167809271201792 * 1/32 = 5244039725056 bytes

That’s 4.77 TiB reserved… again, a TON of space. If we’re running OpenZFS 2.0.7 or later, we’ll use 128 GiB instead:

167809271201792 - 128 * 1024^3 = 167671832248320 bytes = 156156.5625 GiB = 152.4966 TiB

And there we have it! This is the total usable capacity of a pool of 14x 18TB disks configured in 2x 7wZ2. We can confirm the calculations using zfs list:

root@truenas[~]# zfs list -p tank
NAME     USED            AVAIL     REFER  MOUNTPOINT
tank  1080288  167671831168032    196416  /mnt/tank

As with the zpool list command, the -p flag shows exact byte values.

167671831168032 + 1080288 = 167671832248320 bytes = 156156.5625 GiB = 152.4966 TiB

By adding the USED and AVAIL values, we can confirm that our calculation is accurate.

Mirrored vdev Capacity Calculation

Mirrored vdevs work in a similar way but the vdev asize is just a single drive’s capacity (minus ZFS labels and whatnot) and then the vdev_deflate_ratio is just 512/512 or 1.0. We skip all the parity and padding sector stuff but we do still need to account for metaslab allocation and SPA slop space.

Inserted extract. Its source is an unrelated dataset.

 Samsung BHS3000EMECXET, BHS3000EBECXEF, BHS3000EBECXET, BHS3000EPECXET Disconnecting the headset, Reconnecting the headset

dRAID Capacity Calculation

Capacity calculation for dRAID vdevs is similar to that of RAIDZ but includes a few extra steps. We’ll run through an abbreviated example calculation with 2x dRAID2:5d:20c:1s vdevs with 8TB disks (no swap space reserved this time).

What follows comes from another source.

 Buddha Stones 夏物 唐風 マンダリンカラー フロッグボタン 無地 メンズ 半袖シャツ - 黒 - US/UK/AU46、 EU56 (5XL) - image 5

dRAID still aligns the space on each drive to a 256KiB block size, so we go from 8000000000000 bytes to 7999999967232 bytes per 8TB disk:

floor(8000000000000 / (256 * 1024)) * 256 * 1024 = 7999999967232 bytes

From there, we reserve space for the on-disk ZFS labels (just like in RAIDZ) but we also reserve an extra 32MiB for dRAID reflow space which is used when expanding a dRAID vdev. Details on the reflow reserve space can be found here.

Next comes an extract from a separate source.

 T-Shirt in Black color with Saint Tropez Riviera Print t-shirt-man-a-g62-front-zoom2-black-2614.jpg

7999999967232 - (256 * 1024 * 4) - (7 * 2^19) - 2^25 = 7999961694208 bytes

dRAID does not support partial stripe writes so we go through several extra alignment operations to make sure our capacity is an even multiple of the group width. Group width in dRAID is defined as the number of data disks in the configuration plus the number of parity disks. For our configuration, that’s 5 + 2 = 7 disks. dRAID allocates 16MiB of space from each disk in the group to form a row (details here), so we can multiply the row height (16 MiB) by the group width (7) to get the group size:

7 * 16 * 1024^2 = 117440512 bytes

First we align the individual disk’s allocatable size to the row height (16 MiB):

floor(7999961694208 / (16 * 1024^2)) * 16 * 1024^2 = 7999947014144 bytes

To get the total allocatable capacity, we multiply this by the number of child disks minus the number of spare disks in the vdev:

7999947014144 * (20 - 1) = 151998993268736 bytes

And then this number is aligned to the group size which we calculated above:

floor(151998993268736 / 117440512) * 117440512 = 151998909382656 bytes

This is the allocatable size (or asize) of each of our two dRAID vdevs. We go through the same logic as RAIDZ used to determine the metaslab count but each metaslab gets its size adjusted so its starting offset and its overall size lines up with the minimum allocation size. The minimum allocation size is the group width times the sector size (or 2^ashift). For our layout that is:

7 * 2^12 = 28672 bytes

This represents the smallest write operation we can make do our layout. To align the metaslabs, ZFS iterates over each one, rounds the starting offset up to align with the minimum allocation size, then rounds the total size of the metaslab down so its evenly divisible by the minimum allocation size. Detail on dRAID’s metaslab initialization process can be found here and the code for the process is simplified and mocked up below:

group_alloc_size = group_width * 2^ashift
vdev_raw_size = 0
ms_base_size = 2^ms_shift
ms_count = floor(vdev_asize / ms_base_size)
new_ms_size = []
for (i = 0; i < ms_count; i++)
{
  ms_start = i * ms_base_size
  new_ms_start = ceil(ms_start / group_alloc_size) * group_alloc_size
  alignment_loss = new_ms_start - ms_start
  new_ms_size[i] = 
    floor((ms_base_size - alignment_loss) / group_alloc_size) * group_alloc_size
  overall_loss = ms_base_size - new_ms_size[i]
  vdev_raw_size += new_ms_size[i]
}

Each metaslab will get a bit of space trimmed off its head and/or its tail. The table below shows the results from the first 20 iterations of the above loop:

As you can see, we’ll end up with some lost space in between many of the metaslabs but it’s not very much (at worst, a few gigabytes for multi-PB sized pool). You’ll also notice that the metaslab size isn’t uniform across the pool; that makes it very hard (maybe impossible) to write a simple, closed-form equation for vdev_raw_size without a loop or summation. Note that for some dRAID topologies, the metaslabs just happen to line up without any shifting and every metaslab is exactly 2^ms_shift and we don’t lose any extra space, but that’s not very common.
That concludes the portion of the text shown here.